Wednesday, February 11, 2009

How many presbyteries? The importance of voting trends

On a mailing list, somebody asked:

> how many non-supportive presbyteries need to flip to PRO for Amendment 08B to pass?

My math says that 46 presbyteries voted "yes" on 01-A in 2001-2, so it would take an additional 41 presbyteries shifting votes from "no" or "no action" to "yes" to get the necessary 87 votes to pass 08-B.

That's a very difficult voting cliff to scale in just 7 years, which is one reason why I feel it's important to track not just the resulting presbytery vote totals, but the percentage shifts within each presbytery.

The "no" votes start from a very strong base -- there are simply a lot of presbyteries that voted under 35% for equality in 2001-2, and it's very difficult to move from 35% equality support to 51% support in 7 years. The good news is that we're seeing a lot of the low-30's presbyteries become high-30's or even low-40's in terms of pro-equality support, which makes them easier to get to 51% if there needs to be a "next time".

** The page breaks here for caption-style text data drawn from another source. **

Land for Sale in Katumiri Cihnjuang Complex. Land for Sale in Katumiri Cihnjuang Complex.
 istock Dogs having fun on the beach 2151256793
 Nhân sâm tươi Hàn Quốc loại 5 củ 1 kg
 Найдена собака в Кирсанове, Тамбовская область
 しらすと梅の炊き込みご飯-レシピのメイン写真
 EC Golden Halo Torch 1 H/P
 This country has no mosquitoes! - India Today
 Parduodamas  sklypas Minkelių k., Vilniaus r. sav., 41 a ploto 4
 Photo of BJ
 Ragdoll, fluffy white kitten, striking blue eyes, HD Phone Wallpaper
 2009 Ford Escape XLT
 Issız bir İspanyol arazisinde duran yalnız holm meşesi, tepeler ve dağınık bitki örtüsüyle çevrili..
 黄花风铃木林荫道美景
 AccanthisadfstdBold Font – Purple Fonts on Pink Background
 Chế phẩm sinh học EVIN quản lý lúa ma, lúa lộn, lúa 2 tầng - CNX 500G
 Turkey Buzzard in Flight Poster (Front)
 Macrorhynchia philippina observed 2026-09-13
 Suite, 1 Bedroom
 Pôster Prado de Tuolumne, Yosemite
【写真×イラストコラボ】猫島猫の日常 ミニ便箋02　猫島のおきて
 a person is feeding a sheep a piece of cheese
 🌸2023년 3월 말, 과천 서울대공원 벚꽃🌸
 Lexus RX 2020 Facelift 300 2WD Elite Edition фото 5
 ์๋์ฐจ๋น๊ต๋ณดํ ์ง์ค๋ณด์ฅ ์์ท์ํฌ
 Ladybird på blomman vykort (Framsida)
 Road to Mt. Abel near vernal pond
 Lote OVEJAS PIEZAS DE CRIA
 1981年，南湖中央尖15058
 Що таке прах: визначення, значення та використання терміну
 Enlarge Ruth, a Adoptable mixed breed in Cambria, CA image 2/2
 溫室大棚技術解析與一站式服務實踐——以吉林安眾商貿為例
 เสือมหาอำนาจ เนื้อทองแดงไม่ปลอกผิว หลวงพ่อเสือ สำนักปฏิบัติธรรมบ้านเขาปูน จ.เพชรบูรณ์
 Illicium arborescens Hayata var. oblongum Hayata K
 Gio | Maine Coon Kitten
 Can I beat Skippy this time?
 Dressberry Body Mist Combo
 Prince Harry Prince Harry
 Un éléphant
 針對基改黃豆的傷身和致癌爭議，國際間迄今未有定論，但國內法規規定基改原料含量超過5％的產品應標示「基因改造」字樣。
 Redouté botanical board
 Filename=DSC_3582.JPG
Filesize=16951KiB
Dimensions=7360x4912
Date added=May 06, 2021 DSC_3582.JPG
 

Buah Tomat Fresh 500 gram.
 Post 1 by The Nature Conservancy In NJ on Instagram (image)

My hope is that we'll at least make it to >50% of all individual presbytery voters voting "yes", even if 08-B doesn't make it. That would be the equivalent of "winning the popular vote but losing the electoral college vote" and would be a huge symbolic victory for equality (don't discount the value of symbolism). So it's important for everybody to work on "yes" voter turnout and persuasion no matter where you are.